══ Recorded information

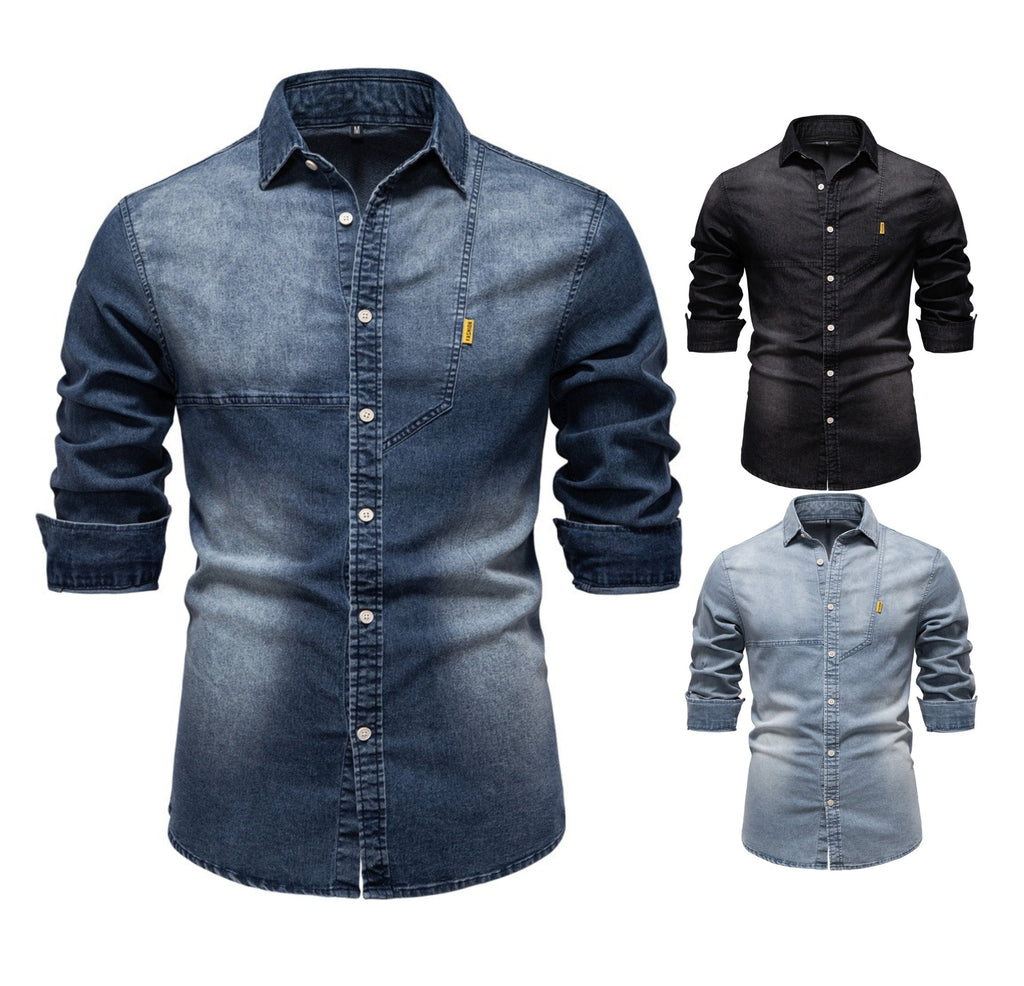 Herren Slim-Fit Jeanshemd - 2025 Frühling Lässiges Langarmshirt | 6036 
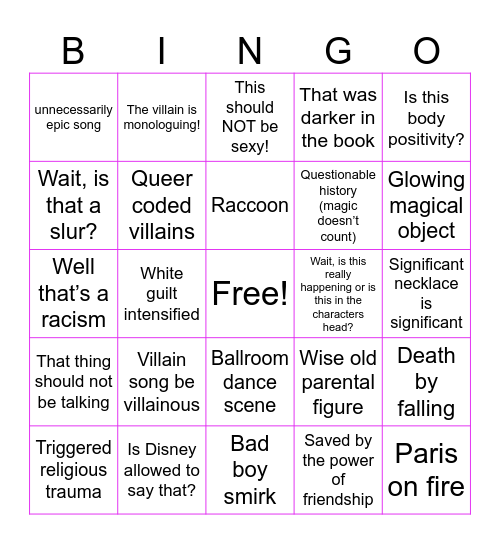 Disney Princess with a Hint of Genocide Bingo Card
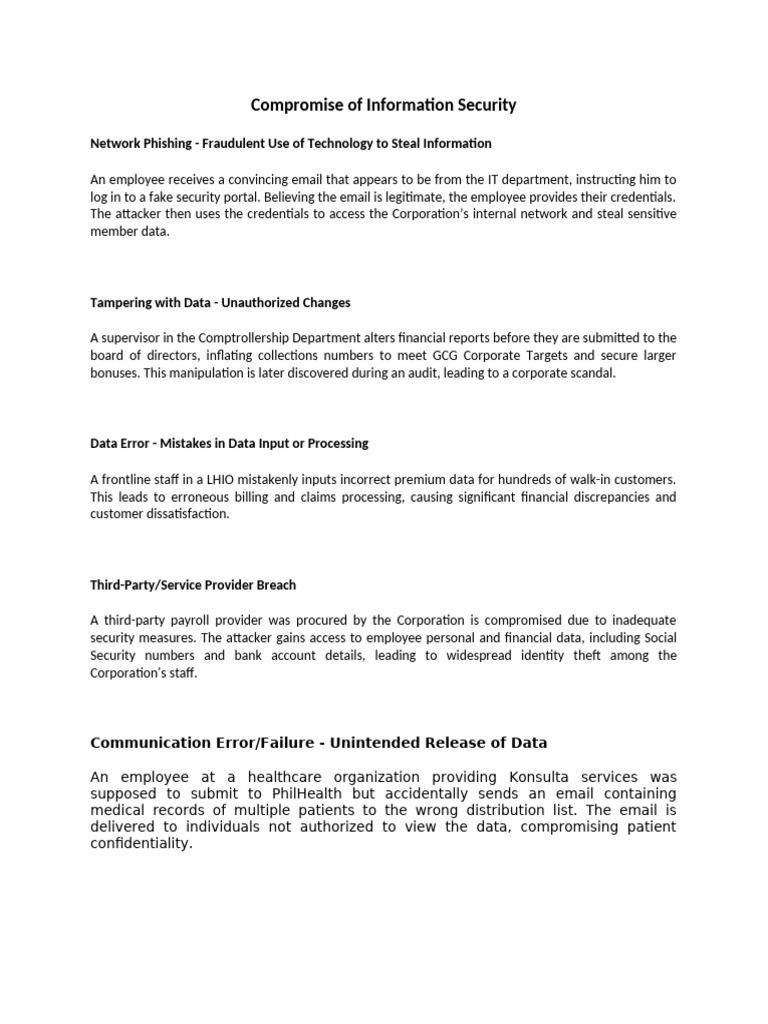 Information Security Breach Scenarios | PDF | Security | Computer Security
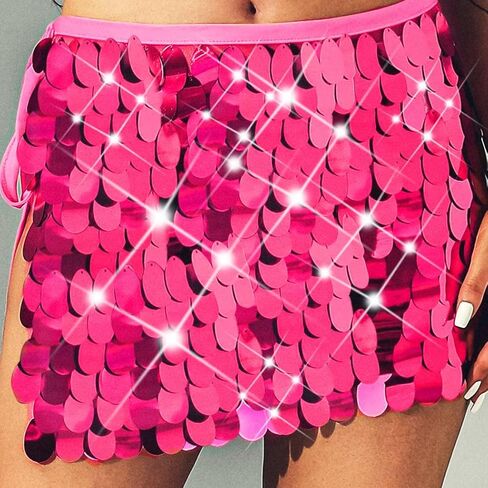 Aukmla Sequin Mini Skirts Sparkly Belly Dance Hip Skirts Party Rave Disco Hip Wrap for Women in Kuwait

════

- What you are asked to do
Every line above goes into the copy unchanged; the pictures do not.

- Response to this task
 Herren Slim-Fit Jeanshemd - 2025 Frühling Lässiges Langarmshirt | 6036 
 Disney Princess with a Hint of Genocide Bingo Card
 Information Security Breach Scenarios | PDF | Security | Computer Security
 Aukmla Sequin Mini Skirts Sparkly Belly Dance Hip Skirts Party Rave Disco Hip Wrap for Women in Kuwait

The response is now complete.